Everyone always tries to approach this from a probability of winning. It is way easier to look at probability of losing.

A priori you have three doors The probability of picking the loser is 1/3. Once a door is revealed these initial probabilities do not change. You picked your door before the reveal. So the probability that the other door is now a winner is 1 - 1/3 = 2/3.
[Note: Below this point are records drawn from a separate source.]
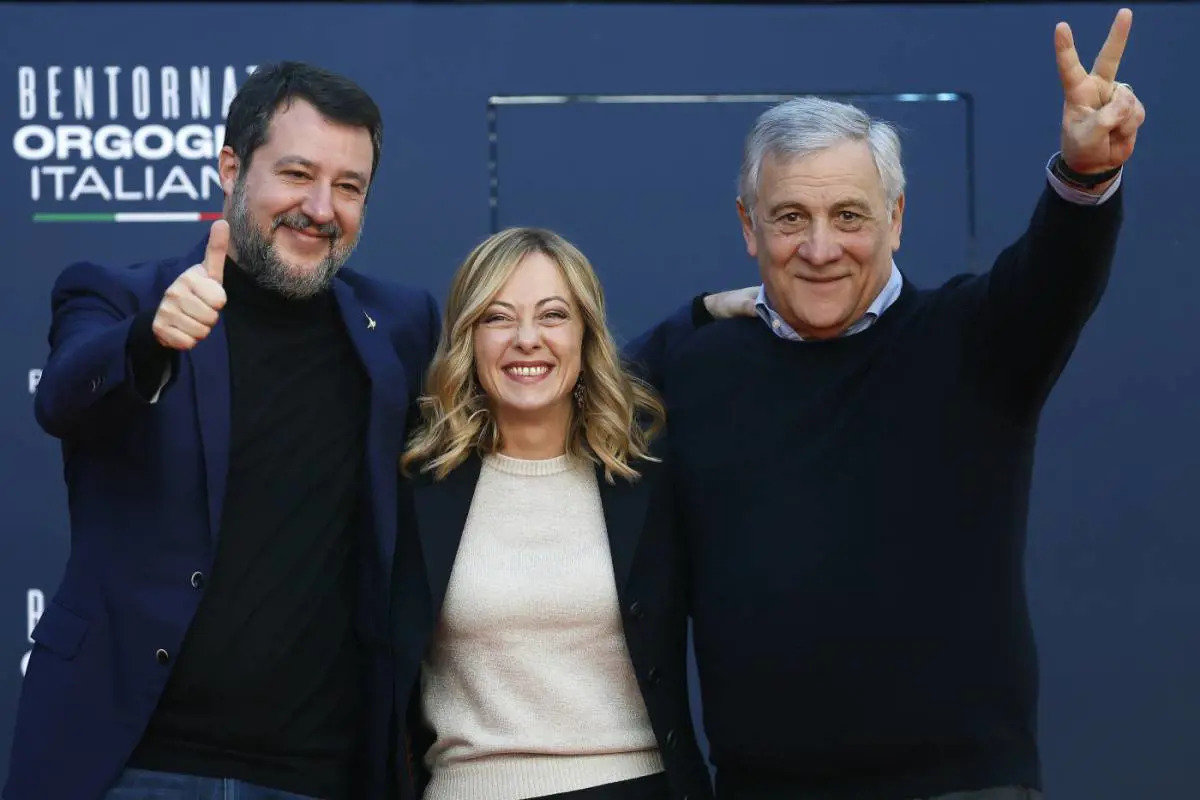 La coalizione di governo guadagna terreno nonostante le tensioni internazionali. Male il Pd, mentre il M5S sale dopo la manifestazione del 5 aprile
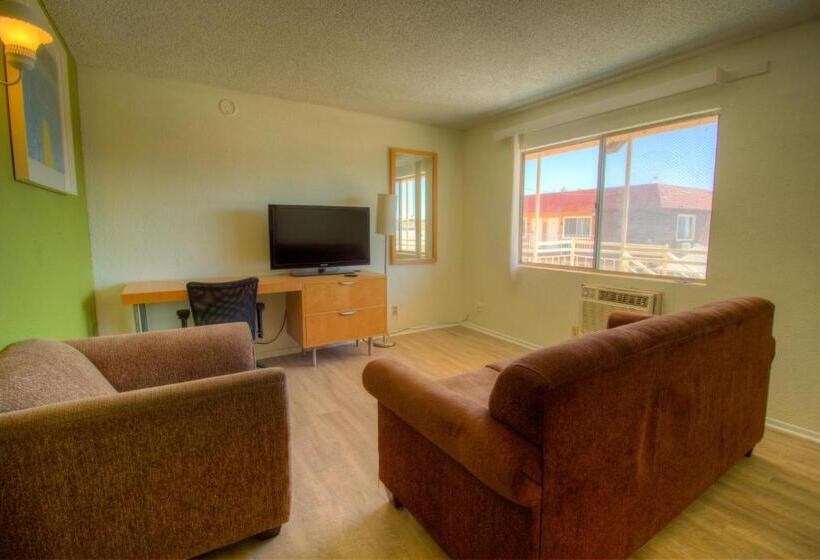 Отель Ridgecrest An Extended Stay Studios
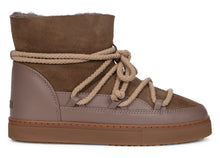 Load image into Gallery viewer, Snow boots with laces
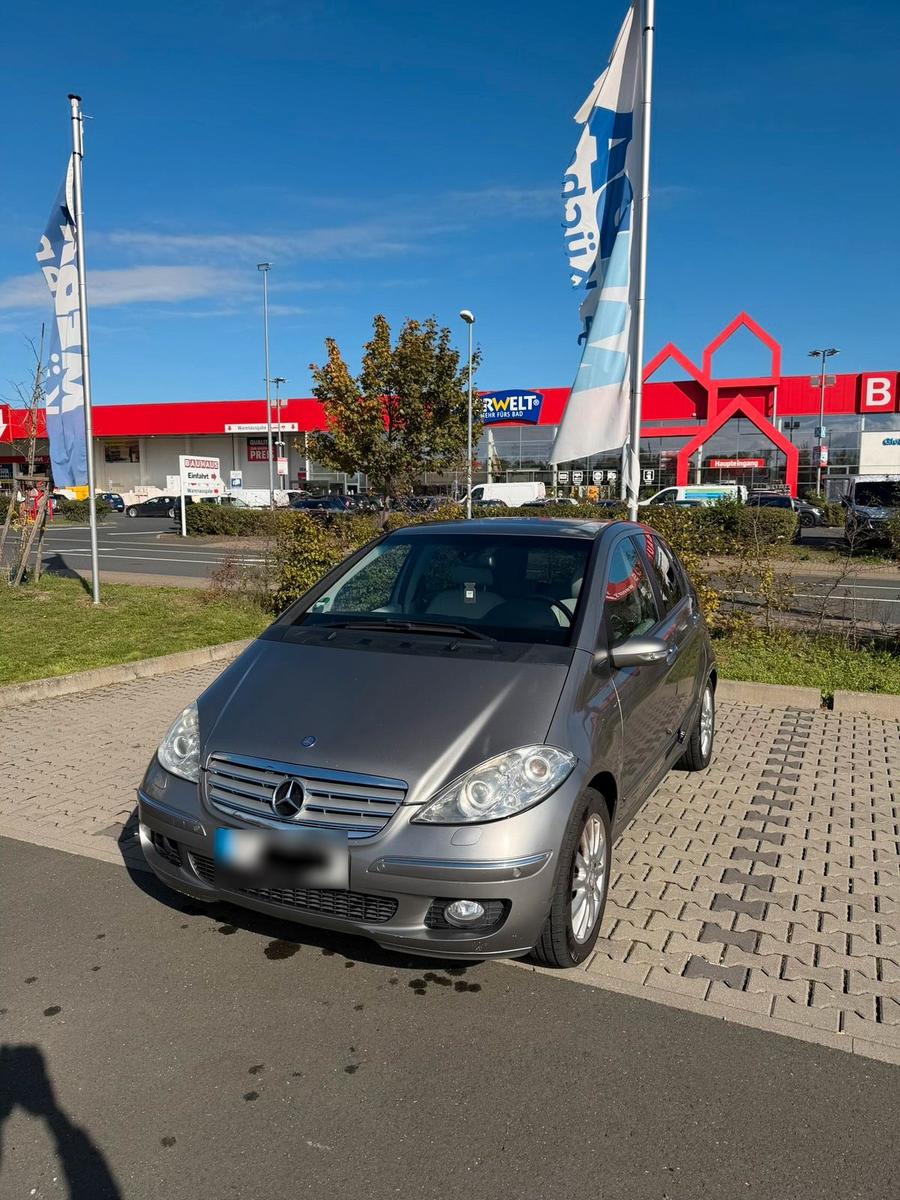 Mercedes-Benz A 200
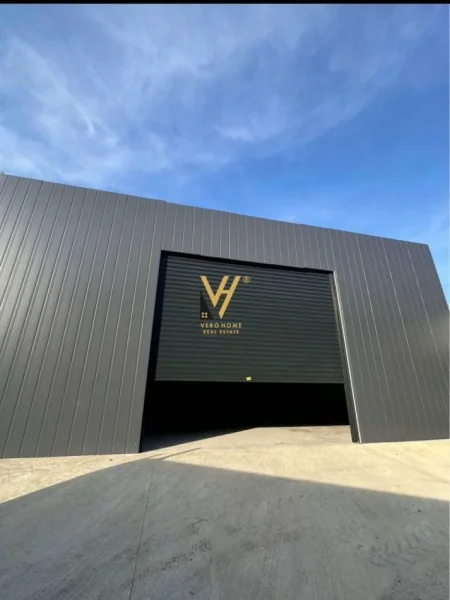 Tirane, jepet me qera magazine Kati 0, 160 m² 1.000 € (RRUGA MYSLYM KETA)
Monty Hall has some kind of knowledge of the correct doors, his choice isn't random. The original door has 1/3 chance of a car. The remaining two doors form a group with a 2/3 chance. If you open the door to find the goat that Monty knows is there, it's chance is now 0/3. The other group still has a 2/3 chance, and so the remaining door in the group now inherits all 2/3 chance of there being a car, which is better than 1/3. So you switch.

You're are code sucks!*

FUCK

Fuck man, i have struggled to grasp this for so long until now.

Thank you

make a list of all 6 possible positions for G1, G2, and C.
G1,G2,C
G2,G1,C
G1,C,G2
G2,C,G1
C,G1,G2
C,G2,G1
Now, because the 2 goats and the car are hidden by doors, I can only choose from door 1, door 2, or door 3. I pick door 2. We will analyze what happens next case by case. In scenario 1, I pick G2, but the host doesn't show it to me. The host tells me that there is a goat behind door 1, and gives me the option to switch to door 3. Door 3 has the car, so, in scenario 1, switching gives me the car. In scenario 2, i pick G1, host shows me a goat behind door 1, switching to door 3 gives me the car. Scenario 3, I pick the car, host shows me a goat behind door 1, staying with my first choice gets me the car. Scenario 4, I pick the car, host shows me a goat behind door 1, staying with my first choice gets me the car. Scenario 5, I pick G1, host shows me a goat behind door 3, switching to door 1 gets me the car. Scenario 6, I pick G2, host shows me a goat behind door 3, switching to door 1 gets me the car. In 4/6 scenarios, switching wins me the car.

The first explanation given is very good, but I have yet to see my favorite explanation, so I might as well give it.

Think about what happens if you switch given knowledge of what you initially choose. If you choose the prize in the first place, then you will lose if you switch. If you choose a goat in the first place, you will win if you switch. The probability of choosing a goat is 2/3, so you win 2/3 of the time if you switch.